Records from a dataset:
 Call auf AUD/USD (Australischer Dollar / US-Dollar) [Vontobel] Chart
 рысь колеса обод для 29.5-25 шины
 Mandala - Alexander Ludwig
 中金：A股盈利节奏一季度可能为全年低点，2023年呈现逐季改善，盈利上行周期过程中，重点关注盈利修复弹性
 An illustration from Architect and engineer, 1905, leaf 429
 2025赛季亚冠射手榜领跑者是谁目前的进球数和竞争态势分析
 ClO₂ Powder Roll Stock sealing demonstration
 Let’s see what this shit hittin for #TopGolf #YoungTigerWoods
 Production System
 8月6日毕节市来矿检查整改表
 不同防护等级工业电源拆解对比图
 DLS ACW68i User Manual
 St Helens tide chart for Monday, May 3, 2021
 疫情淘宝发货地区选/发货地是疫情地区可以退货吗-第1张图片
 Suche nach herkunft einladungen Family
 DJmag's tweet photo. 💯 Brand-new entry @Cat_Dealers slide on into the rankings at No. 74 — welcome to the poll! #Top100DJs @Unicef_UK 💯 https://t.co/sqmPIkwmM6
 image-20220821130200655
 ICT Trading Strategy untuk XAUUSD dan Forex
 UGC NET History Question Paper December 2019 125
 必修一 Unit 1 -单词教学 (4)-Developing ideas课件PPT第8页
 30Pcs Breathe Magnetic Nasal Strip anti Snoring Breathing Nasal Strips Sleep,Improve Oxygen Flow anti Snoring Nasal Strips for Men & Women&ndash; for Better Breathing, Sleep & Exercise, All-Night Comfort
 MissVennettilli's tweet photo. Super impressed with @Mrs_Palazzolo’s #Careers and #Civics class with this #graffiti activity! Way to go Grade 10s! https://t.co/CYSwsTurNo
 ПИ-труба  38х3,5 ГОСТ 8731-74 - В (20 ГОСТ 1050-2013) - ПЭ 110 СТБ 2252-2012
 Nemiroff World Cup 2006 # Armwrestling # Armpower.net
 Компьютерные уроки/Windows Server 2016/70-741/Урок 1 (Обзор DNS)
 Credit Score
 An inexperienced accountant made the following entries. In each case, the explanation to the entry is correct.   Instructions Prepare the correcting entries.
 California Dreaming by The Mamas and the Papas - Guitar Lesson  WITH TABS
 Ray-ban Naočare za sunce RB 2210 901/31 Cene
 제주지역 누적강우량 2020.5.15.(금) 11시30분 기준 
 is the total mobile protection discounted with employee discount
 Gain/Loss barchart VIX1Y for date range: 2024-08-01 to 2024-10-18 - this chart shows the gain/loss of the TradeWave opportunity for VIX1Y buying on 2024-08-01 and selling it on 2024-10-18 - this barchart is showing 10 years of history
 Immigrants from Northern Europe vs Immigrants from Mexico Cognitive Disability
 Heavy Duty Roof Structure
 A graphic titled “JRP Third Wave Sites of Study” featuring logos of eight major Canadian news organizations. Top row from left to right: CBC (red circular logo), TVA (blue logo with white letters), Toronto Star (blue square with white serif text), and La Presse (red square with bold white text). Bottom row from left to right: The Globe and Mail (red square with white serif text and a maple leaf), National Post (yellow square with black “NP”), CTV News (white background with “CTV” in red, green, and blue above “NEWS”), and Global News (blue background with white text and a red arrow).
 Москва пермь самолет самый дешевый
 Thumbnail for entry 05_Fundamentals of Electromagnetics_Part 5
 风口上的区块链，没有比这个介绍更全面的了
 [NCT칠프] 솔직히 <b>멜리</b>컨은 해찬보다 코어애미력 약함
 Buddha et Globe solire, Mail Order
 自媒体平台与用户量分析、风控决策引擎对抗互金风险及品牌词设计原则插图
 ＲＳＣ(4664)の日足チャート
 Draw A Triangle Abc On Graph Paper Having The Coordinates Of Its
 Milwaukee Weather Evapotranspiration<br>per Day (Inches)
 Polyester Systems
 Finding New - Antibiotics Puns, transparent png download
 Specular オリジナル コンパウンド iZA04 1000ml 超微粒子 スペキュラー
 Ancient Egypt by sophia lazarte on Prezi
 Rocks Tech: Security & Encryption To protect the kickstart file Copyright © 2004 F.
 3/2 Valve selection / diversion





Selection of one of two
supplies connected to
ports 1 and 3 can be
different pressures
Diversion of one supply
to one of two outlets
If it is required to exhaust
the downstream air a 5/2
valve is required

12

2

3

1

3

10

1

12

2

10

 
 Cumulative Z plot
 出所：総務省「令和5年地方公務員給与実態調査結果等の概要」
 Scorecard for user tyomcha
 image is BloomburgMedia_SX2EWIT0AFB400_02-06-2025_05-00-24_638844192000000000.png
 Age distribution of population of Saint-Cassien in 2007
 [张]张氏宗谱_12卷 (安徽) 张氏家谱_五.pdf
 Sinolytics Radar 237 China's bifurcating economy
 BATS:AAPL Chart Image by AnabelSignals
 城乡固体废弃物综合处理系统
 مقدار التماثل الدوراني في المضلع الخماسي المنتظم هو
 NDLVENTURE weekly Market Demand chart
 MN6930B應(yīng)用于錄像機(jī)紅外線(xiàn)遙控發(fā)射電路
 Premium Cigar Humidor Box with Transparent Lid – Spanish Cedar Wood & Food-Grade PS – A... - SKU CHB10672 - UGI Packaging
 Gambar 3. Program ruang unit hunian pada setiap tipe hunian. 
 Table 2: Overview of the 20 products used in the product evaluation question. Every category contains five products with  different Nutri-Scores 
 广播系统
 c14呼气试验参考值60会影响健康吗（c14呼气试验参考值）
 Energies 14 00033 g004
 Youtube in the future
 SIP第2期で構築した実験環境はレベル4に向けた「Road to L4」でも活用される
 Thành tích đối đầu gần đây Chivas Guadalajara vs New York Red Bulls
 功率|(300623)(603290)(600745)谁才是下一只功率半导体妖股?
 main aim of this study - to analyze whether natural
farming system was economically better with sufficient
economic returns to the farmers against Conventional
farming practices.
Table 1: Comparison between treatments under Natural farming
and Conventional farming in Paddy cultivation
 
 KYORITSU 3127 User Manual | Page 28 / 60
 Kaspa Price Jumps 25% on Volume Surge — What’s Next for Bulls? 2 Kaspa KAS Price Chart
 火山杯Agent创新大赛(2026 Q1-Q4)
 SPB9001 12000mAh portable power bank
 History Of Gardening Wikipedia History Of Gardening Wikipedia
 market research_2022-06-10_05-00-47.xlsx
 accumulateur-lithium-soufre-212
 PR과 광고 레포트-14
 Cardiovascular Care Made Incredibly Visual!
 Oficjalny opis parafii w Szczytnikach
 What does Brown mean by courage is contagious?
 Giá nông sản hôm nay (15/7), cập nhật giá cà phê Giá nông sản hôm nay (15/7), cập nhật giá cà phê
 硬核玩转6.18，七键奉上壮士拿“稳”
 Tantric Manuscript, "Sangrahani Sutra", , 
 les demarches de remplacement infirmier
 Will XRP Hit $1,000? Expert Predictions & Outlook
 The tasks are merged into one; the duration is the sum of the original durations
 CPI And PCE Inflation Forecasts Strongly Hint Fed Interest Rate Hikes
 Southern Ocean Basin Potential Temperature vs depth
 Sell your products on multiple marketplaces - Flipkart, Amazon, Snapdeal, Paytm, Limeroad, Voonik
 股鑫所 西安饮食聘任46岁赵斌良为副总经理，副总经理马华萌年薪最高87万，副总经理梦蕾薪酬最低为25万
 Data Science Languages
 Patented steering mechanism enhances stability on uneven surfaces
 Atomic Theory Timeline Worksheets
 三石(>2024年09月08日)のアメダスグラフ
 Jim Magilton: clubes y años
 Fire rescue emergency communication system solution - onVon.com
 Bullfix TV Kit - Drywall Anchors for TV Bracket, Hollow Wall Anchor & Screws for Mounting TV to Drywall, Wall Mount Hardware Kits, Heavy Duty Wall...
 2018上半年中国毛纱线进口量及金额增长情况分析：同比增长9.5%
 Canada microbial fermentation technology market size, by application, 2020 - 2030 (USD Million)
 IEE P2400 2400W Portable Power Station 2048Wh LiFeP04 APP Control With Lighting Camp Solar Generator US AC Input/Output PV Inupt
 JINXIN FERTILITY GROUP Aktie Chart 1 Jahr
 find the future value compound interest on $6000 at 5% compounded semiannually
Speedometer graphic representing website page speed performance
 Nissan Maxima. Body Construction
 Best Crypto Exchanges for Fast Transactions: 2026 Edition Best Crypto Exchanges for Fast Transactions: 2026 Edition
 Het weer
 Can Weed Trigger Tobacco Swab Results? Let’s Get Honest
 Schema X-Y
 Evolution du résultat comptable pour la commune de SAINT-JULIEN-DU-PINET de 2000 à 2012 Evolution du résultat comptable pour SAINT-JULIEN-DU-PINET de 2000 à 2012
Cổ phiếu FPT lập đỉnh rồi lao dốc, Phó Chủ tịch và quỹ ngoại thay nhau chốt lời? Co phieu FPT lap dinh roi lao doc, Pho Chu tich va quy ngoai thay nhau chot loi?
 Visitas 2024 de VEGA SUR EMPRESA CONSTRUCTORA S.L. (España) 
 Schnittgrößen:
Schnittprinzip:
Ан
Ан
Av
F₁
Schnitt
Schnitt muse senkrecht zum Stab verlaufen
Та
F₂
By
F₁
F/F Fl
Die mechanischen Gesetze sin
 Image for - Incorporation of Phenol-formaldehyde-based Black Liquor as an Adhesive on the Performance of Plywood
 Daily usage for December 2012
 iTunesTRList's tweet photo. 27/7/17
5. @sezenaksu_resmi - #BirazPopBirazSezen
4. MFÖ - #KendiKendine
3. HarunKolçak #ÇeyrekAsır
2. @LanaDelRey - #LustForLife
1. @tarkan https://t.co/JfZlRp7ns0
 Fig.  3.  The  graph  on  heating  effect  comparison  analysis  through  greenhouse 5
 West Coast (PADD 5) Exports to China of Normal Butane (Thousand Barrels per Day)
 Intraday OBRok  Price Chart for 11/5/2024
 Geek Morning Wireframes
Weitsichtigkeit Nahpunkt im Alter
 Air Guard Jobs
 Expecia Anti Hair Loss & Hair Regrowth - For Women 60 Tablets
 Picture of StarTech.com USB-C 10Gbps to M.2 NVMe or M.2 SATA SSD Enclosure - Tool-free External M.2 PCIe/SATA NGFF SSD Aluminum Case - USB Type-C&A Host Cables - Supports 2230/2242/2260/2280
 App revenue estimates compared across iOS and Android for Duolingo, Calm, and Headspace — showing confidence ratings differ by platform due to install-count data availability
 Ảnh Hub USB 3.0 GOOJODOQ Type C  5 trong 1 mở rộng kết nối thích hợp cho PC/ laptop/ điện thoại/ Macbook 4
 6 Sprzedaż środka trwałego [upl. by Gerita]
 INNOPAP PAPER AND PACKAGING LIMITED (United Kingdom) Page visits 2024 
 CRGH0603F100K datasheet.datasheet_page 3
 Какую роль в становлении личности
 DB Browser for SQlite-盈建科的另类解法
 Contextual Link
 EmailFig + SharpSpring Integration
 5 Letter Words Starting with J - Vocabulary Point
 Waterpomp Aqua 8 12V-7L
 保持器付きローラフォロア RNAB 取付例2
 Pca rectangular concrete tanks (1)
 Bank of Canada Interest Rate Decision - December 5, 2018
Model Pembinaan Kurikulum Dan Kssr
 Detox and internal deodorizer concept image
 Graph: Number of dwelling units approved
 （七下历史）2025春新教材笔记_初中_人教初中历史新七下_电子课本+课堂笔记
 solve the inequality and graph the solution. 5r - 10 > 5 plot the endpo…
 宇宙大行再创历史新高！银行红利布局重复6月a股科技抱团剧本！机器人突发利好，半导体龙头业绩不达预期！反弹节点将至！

INSTRUCTIONS FOR THE TASK: Indicate the number of lines in the data above that contain the string "required", without any additional text.

SOLUTION FOR THIS TASK: 2